TASK TO COMPLETE ->
Take the line with "Uramaki Mango, 8 Piezas Ración" as the first and the last line of the data as the end. Write out both and every line between exactly, except pictures.

DATASET EXTRACT ->
((

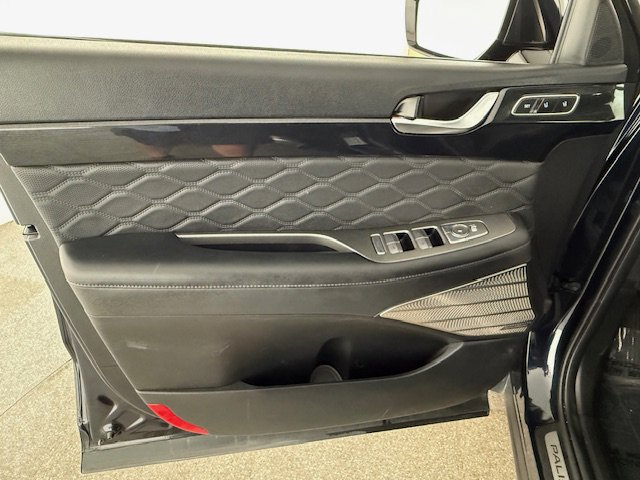 Used 2022 Hyundai Palisade Calligraphy image 8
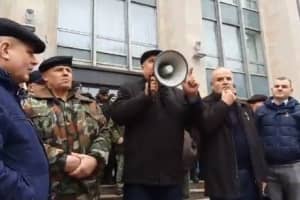 "Долой Додона!": в Молдове несколько тысяч ветеранов войны вышли на антиправительственный протест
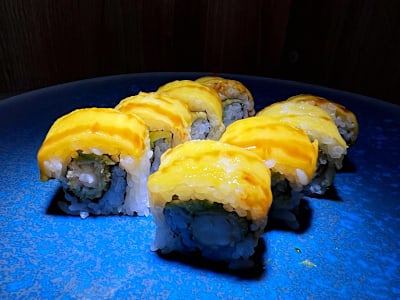 Uramaki Mango, 8 Piezas Ración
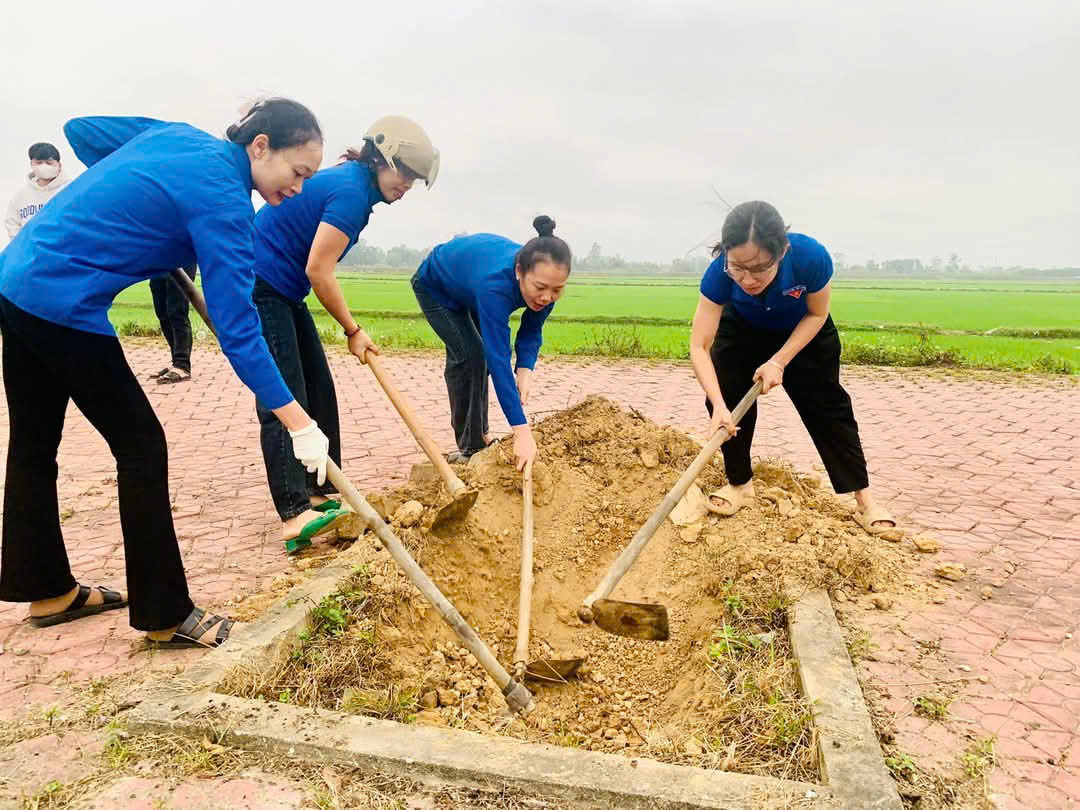 ĐOÀN THANH NIÊN THAM GIA CÁC HOẠT ĐỘNG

))

PROBLEM SOLUTION ->
 Uramaki Mango, 8 Piezas Ración
 ĐOÀN THANH NIÊN THAM GIA CÁC HOẠT ĐỘNG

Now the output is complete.